(MATERIAL PROVIDED Opens)

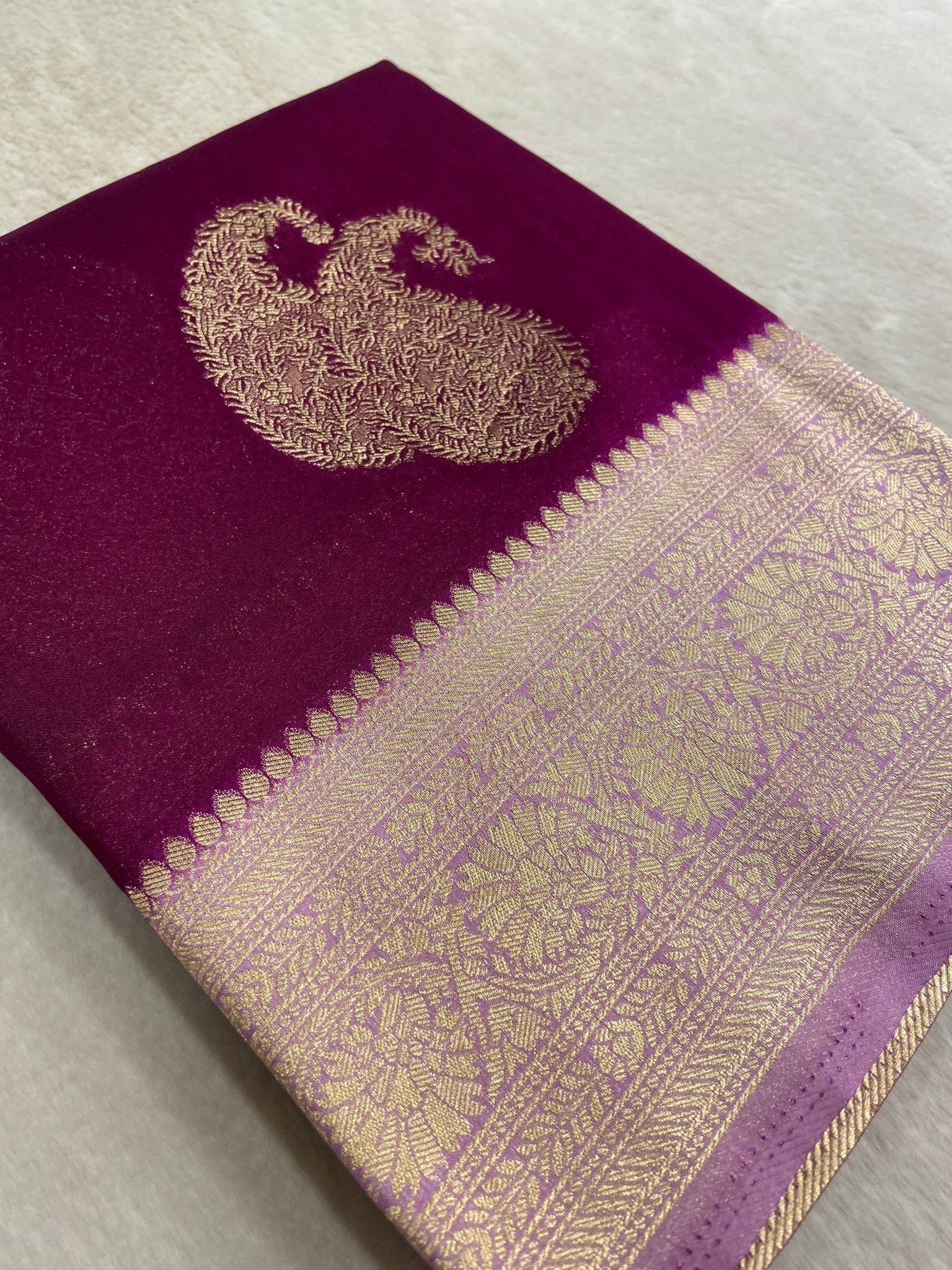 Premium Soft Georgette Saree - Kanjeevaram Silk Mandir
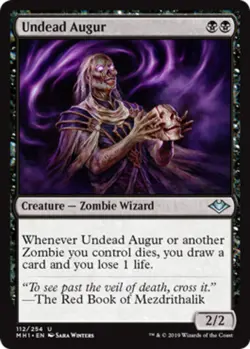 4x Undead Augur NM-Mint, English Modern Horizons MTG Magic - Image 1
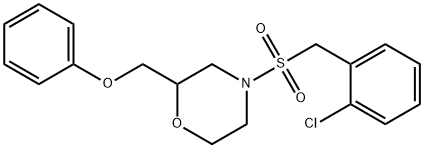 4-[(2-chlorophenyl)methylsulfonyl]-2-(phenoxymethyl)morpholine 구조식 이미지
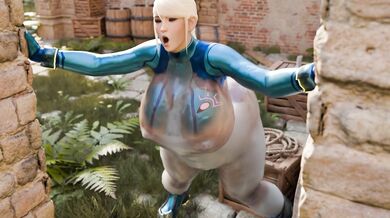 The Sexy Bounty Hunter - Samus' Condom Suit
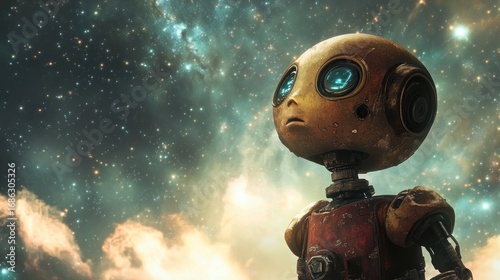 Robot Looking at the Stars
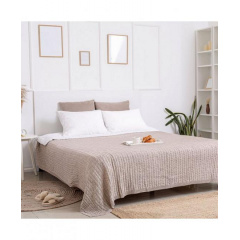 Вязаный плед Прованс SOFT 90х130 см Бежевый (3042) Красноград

(MATERIAL PROVIDED Closes)
(MATERIAL PROVIDED Opens)

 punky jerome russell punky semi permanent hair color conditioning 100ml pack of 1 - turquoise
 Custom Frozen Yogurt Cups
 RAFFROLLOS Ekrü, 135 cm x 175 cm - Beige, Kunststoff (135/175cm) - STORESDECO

(MATERIAL PROVIDED Closes)

- [EXERCISE AIM]
Restate word for word only the lines above from the line containing "Custom Frozen Yogurt Cups" to the line containing "RAFFROLLOS Ekrü, 135", both of them included.

- [WORKED SOLUTION]
 Custom Frozen Yogurt Cups
 RAFFROLLOS Ekrü, 135 cm x 175 cm - Beige, Kunststoff (135/175cm) - STORESDECO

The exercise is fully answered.